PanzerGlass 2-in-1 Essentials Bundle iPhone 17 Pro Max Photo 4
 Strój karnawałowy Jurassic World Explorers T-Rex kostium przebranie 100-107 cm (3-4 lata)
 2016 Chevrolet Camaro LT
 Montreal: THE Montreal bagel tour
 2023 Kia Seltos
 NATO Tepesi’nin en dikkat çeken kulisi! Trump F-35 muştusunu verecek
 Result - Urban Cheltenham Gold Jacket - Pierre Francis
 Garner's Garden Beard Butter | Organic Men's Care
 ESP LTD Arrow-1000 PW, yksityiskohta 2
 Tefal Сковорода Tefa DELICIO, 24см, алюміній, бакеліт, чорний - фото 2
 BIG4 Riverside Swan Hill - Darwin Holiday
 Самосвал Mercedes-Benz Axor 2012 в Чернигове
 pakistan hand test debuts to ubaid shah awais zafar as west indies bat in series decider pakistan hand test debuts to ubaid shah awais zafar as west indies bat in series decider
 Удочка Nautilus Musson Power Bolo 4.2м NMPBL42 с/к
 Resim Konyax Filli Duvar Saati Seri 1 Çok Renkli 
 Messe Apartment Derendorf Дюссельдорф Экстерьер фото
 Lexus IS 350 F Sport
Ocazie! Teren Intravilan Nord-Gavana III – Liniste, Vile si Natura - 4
______
What to produce: Return the material in its entirety, word for word.

Written answer:
PanzerGlass 2-in-1 Essentials Bundle iPhone 17 Pro Max Photo 4
 Strój karnawałowy Jurassic World Explorers T-Rex kostium przebranie 100-107 cm (3-4 lata)
 2016 Chevrolet Camaro LT
 Montreal: THE Montreal bagel tour
 2023 Kia Seltos
 NATO Tepesi’nin en dikkat çeken kulisi! Trump F-35 muştusunu verecek
 Result - Urban Cheltenham Gold Jacket - Pierre Francis
 Garner's Garden Beard Butter | Organic Men's Care
 ESP LTD Arrow-1000 PW, yksityiskohta 2
 Tefal Сковорода Tefa DELICIO, 24см, алюміній, бакеліт, чорний - фото 2
 BIG4 Riverside Swan Hill - Darwin Holiday
 Самосвал Mercedes-Benz Axor 2012 в Чернигове
 pakistan hand test debuts to ubaid shah awais zafar as west indies bat in series decider pakistan hand test debuts to ubaid shah awais zafar as west indies bat in series decider
 Удочка Nautilus Musson Power Bolo 4.2м NMPBL42 с/к
 Resim Konyax Filli Duvar Saati Seri 1 Çok Renkli 
 Messe Apartment Derendorf Дюссельдорф Экстерьер фото
 Lexus IS 350 F Sport
Ocazie! Teren Intravilan Nord-Gavana III – Liniste, Vile si Natura - 4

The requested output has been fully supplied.